● **THE RECORDS**:

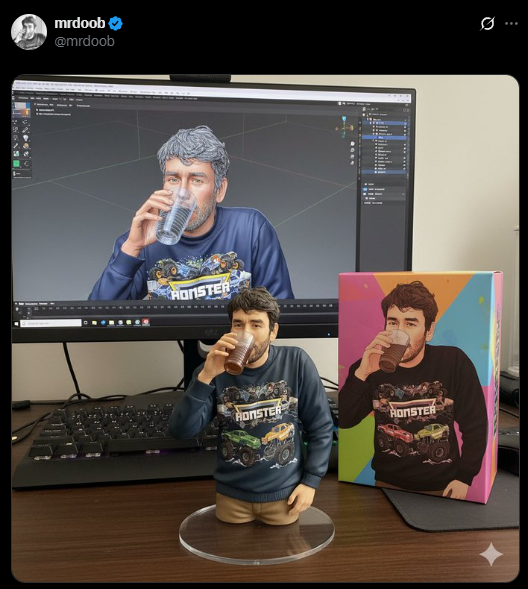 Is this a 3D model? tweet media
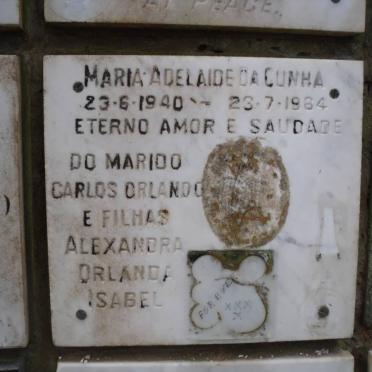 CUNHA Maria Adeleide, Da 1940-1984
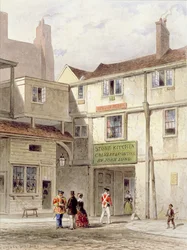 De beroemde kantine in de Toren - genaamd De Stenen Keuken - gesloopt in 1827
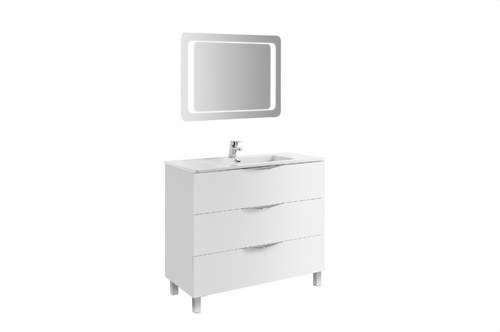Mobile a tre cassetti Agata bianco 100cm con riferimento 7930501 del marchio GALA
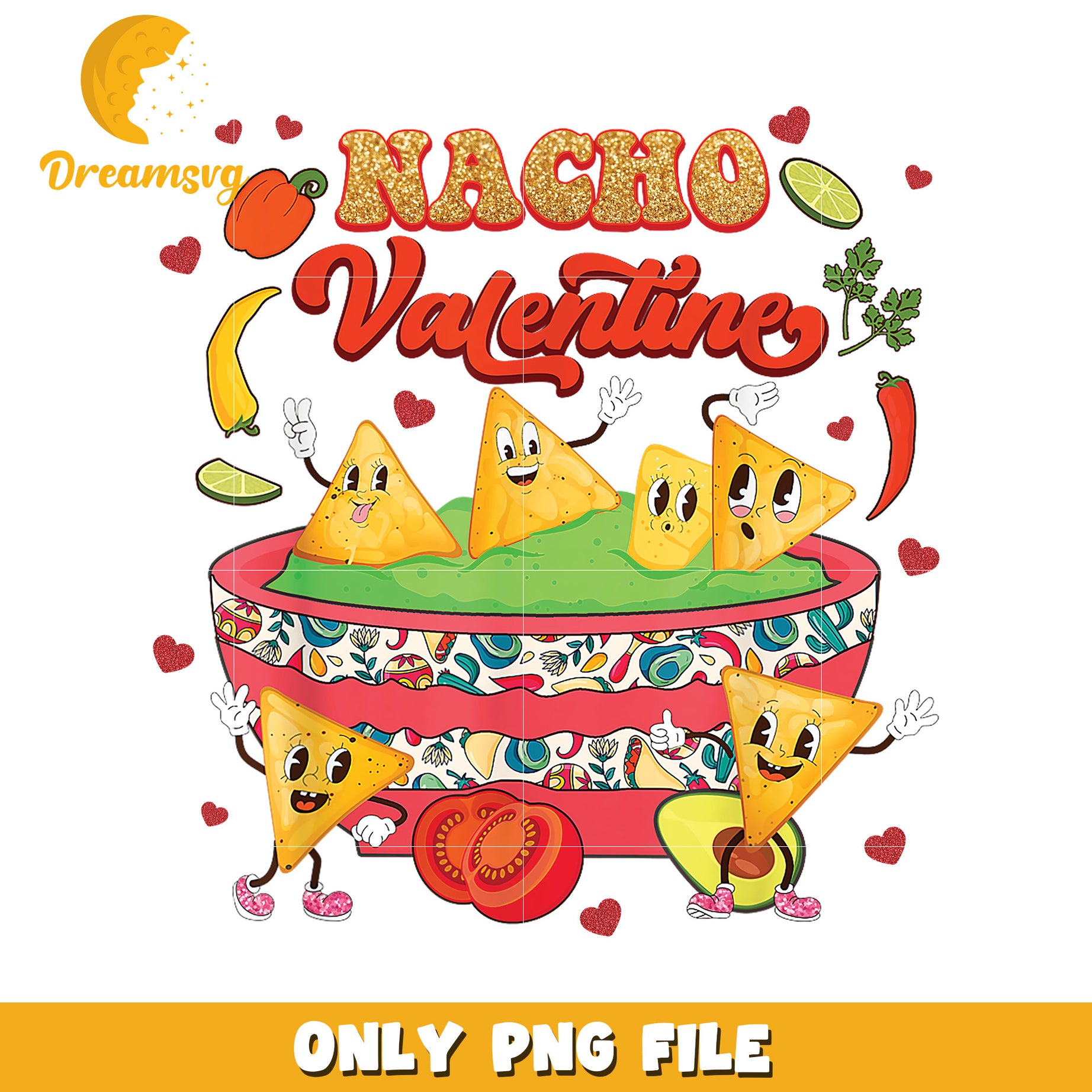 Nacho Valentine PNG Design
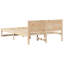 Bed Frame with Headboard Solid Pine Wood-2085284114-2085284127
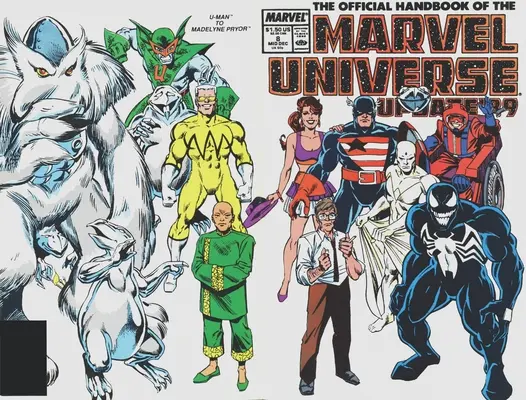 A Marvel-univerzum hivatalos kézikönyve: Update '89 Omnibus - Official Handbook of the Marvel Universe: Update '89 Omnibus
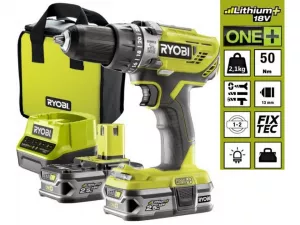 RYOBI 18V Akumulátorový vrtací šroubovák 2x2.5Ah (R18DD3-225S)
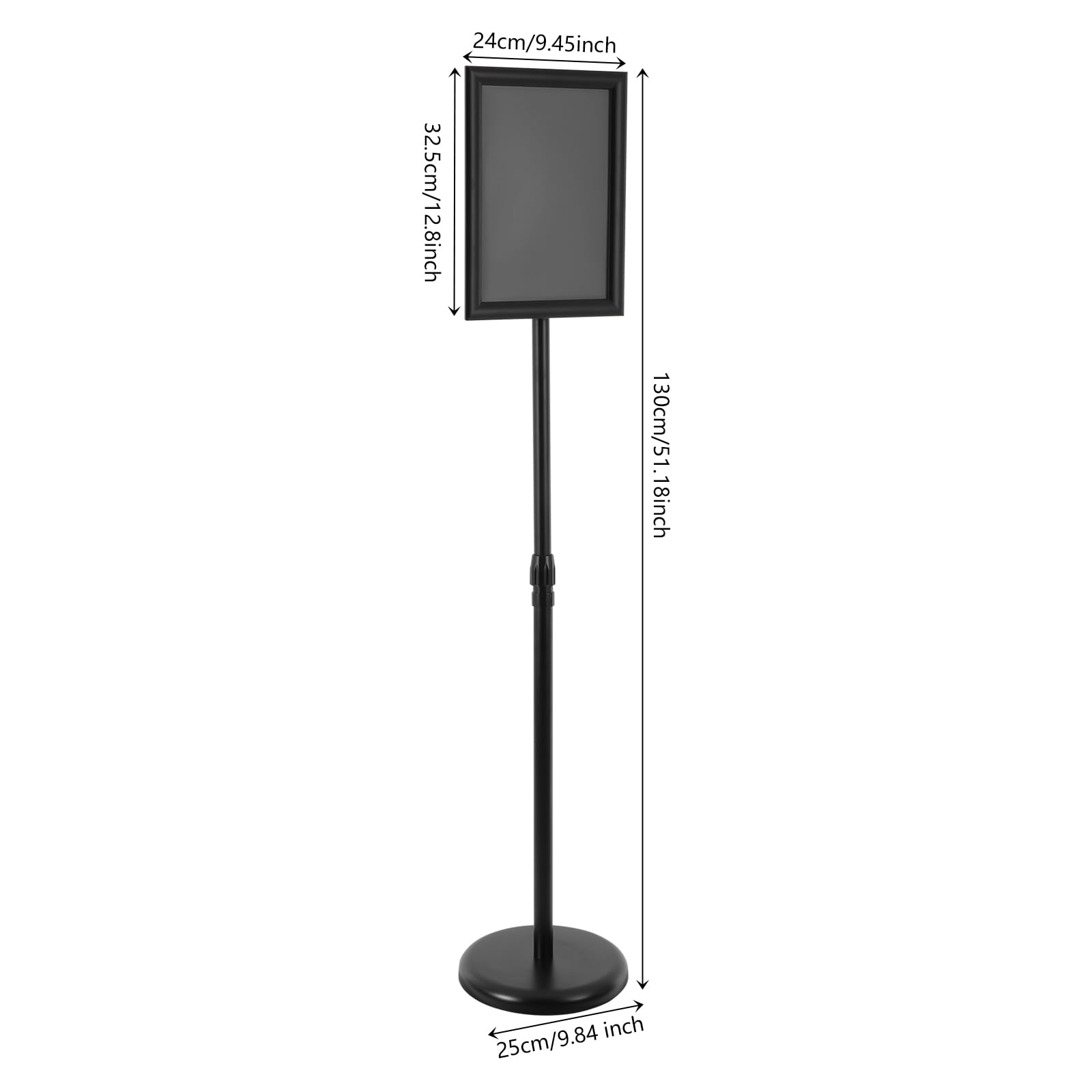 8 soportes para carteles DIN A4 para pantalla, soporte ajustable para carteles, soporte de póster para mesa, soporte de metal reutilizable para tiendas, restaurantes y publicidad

==

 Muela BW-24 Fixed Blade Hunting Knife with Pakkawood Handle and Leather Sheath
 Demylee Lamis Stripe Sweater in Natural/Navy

---

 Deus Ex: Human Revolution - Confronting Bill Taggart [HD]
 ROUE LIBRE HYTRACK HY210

● **ACTIVITY**: In the material above, the stretch from the line with "Bed Frame with" through the line with "8 soportes para" is to be given again exactly, minus the pictures.

● **OUTPUT FOR THIS EXERCISE**:
 Bed Frame with Headboard Solid Pine Wood-2085284114-2085284127
 A Marvel-univerzum hivatalos kézikönyve: Update '89 Omnibus - Official Handbook of the Marvel Universe: Update '89 Omnibus
 RYOBI 18V Akumulátorový vrtací šroubovák 2x2.5Ah (R18DD3-225S)
 8 soportes para carteles DIN A4 para pantalla, soporte ajustable para carteles, soporte de póster para mesa, soporte de metal reutilizable para tiendas, restaurantes y publicidad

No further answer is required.